Lenglen’s extended poses—her balletic follow-through, soaring jumps and springy footwork—make a link to sportswear, as Marion noted, with reference to Katy’s suggestion to look at today’s athleisure. The way that Katy’s suggestion sent Marion off into the film archive to excavate this extraordinarily modern piece of sports performance film from Lenglen perfectly encapsulated the media archaeological ambitions of our project. Big thanks to both of them for their generous and lateral thinking, that extended the ‘categories’ that we are simultaneously working with and challenging. Both their suggestions made me think sideways to ever-new genre of both film and female performance in the elusive quest of ‘fashion film’ from the past. This is an example of how rethinking something  in the present (Katy’s point about sportswear) makes us re-view the past (Marion’s discovery of the 1925 tennis film footage) so that we can speculate in new ways about both. This is what Thomas Elsaesser calls ‘retro-active causality’, or Nachträglichkeit, where he writes that film history could

become a matter of tracing paths or laying tracks leading from the respective “now” to different pasts, in modalities that accommodate continuities as well as ruptures. We would then be mapping media-convergence and self-differentiation not in terms of either a teleology or a search for origins, but in the form of forking paths of possibility…

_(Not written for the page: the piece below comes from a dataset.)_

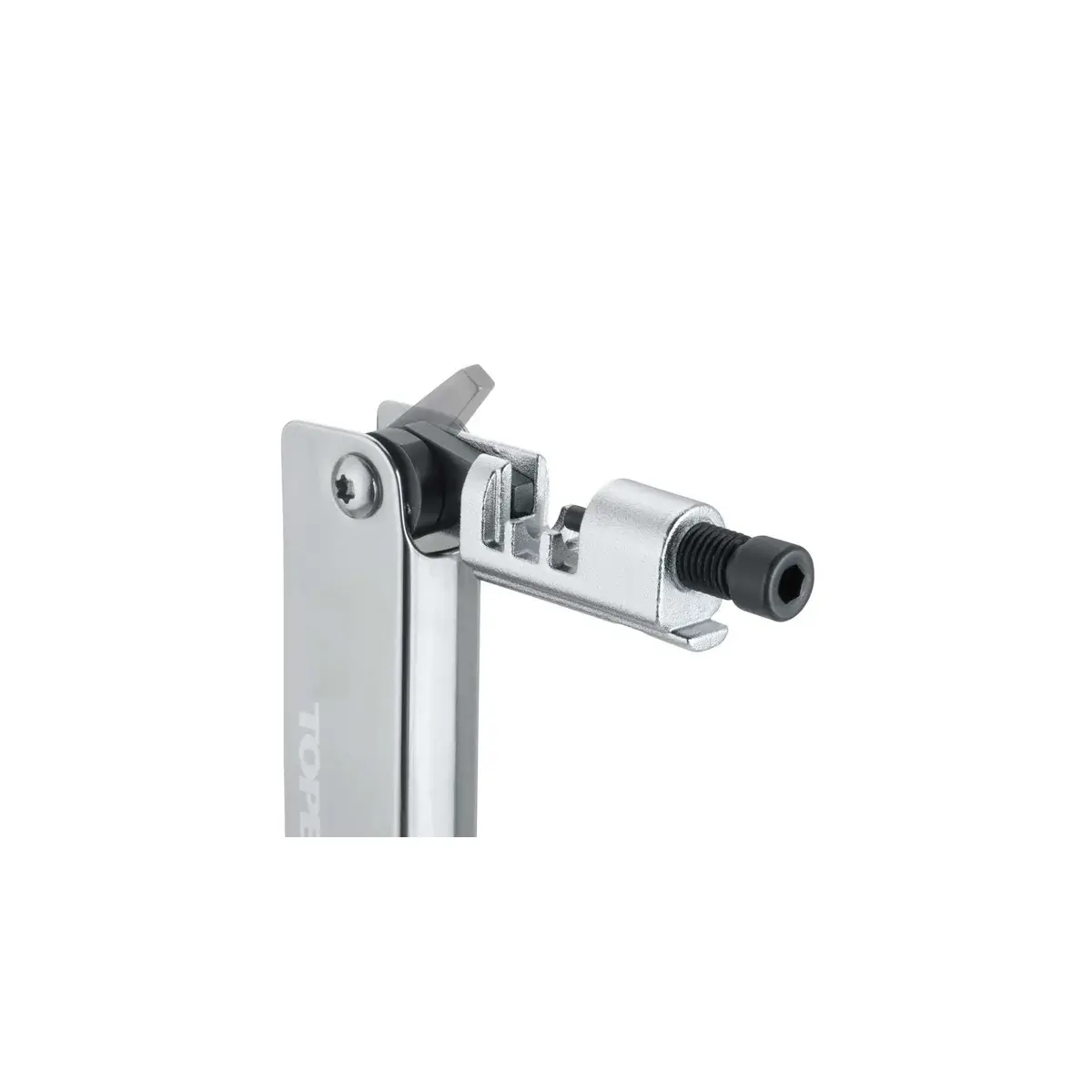 TOPEAK Вичавка ланцюга TOPEAK Link 11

History as archaeology adds to this a further insight: it knows and acknowledges that only a presumption of discontinuity (in Foucault’s terms, the positing of epistemic breaks) and of fragmentation (the rhetorical figure of the synecdoche or the pars pro toto) can give the present access to the past, which is always no more than a past (among many actual or possible ones), since for the archaeologist, the past can be present to the present with no more than its relics. Finally, an archaeology respects the possible distance the past has from our present perspective, and even makes it the basis of its methodology.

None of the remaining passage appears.